Personally, I would leave it in place until they got a little further along. The false back also helps keep the comb straight until you have one of 2 drawn out. If you just installed the package last Wednesday, I would leave them be for another week or 2 to let them get established and built out more.


----------



## blist (Jun 15, 2010)

angryhippie said:


> Personally, I would leave it in place until they got a little further along. The false back also helps keep the comb straight until you have one of 2 drawn out. If you just installed the package last Wednesday, I would leave them be for another week or 2 to let them get established and built out more.


How does the false back help them build straight comb? They usually use the adjacent comb as a guide.


----------



## angryhippie (Mar 11, 2010)

At least in my experience it gave them a confined space to build comb in which helped ensure that they aren't building cross comb...well...at least not as much cross comb


----------



## ♥Faerie♥ (May 16, 2011)

Thanks everyone, I had read that once you remove the false back, if they have built comb close to the board, about bar 10 or further back, that you should move the brood nest closer to the front, around the 3rd bar or so... I think I may leave it in until the weekend, I am pretty new to this, so its great to get everyone's opinion....thanks again!


----------



## heatherbee (May 10, 2011)

I'm new as well, I was told to start with 10 bars available to the bees, then when they draw comb within 2-3 bars of the board to move it away from the entrance. It's worked for me so far. I hadn't heard anything about moving the brood comb, so I'll follow this post to see what more experienced keepers say.


----------



## Adam Foster Collins (Nov 4, 2009)

♥Faerie♥;666428 said:


> ...I had read that once you remove the false back, if they have built comb close to the board, about bar 10 or further back, that you should move the brood nest closer to the front, around the 3rd bar or so...

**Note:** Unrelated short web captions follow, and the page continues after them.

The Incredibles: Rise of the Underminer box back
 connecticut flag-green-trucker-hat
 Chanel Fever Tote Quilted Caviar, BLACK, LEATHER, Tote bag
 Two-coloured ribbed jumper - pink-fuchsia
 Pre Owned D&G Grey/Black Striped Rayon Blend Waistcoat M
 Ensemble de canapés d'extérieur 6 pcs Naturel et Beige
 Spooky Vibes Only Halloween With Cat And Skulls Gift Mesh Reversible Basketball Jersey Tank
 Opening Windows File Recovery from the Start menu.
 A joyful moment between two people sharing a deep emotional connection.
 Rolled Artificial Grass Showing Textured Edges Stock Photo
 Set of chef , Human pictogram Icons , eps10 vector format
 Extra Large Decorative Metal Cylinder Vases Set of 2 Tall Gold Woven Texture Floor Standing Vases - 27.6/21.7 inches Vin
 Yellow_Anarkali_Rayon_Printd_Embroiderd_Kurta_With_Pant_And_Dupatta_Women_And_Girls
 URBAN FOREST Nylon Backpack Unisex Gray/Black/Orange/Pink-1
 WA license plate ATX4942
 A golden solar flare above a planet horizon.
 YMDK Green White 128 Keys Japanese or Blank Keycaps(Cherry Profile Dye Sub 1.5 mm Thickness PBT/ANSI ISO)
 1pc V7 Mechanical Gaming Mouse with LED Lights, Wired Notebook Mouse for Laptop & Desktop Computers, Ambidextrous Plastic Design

Where have the bees built comb so far? Are they building far from the door?

You can move them closer to the door end once they have a few combs going if you like. This would better make sure the nest is at that end - which is nice for keeping it separate from stores. And this is really important for areas with hard winters. They may move to that end themselves though. As far as moving the follower board, I'd say just move it all the way back if they have a few combs going parallel to each other.

I like a follower myself. It comes in handy for different things. I don't see a reason not to have it on hand, so if you've made one, I'd say just keep it at the back end of the hive once they get a few combs underway.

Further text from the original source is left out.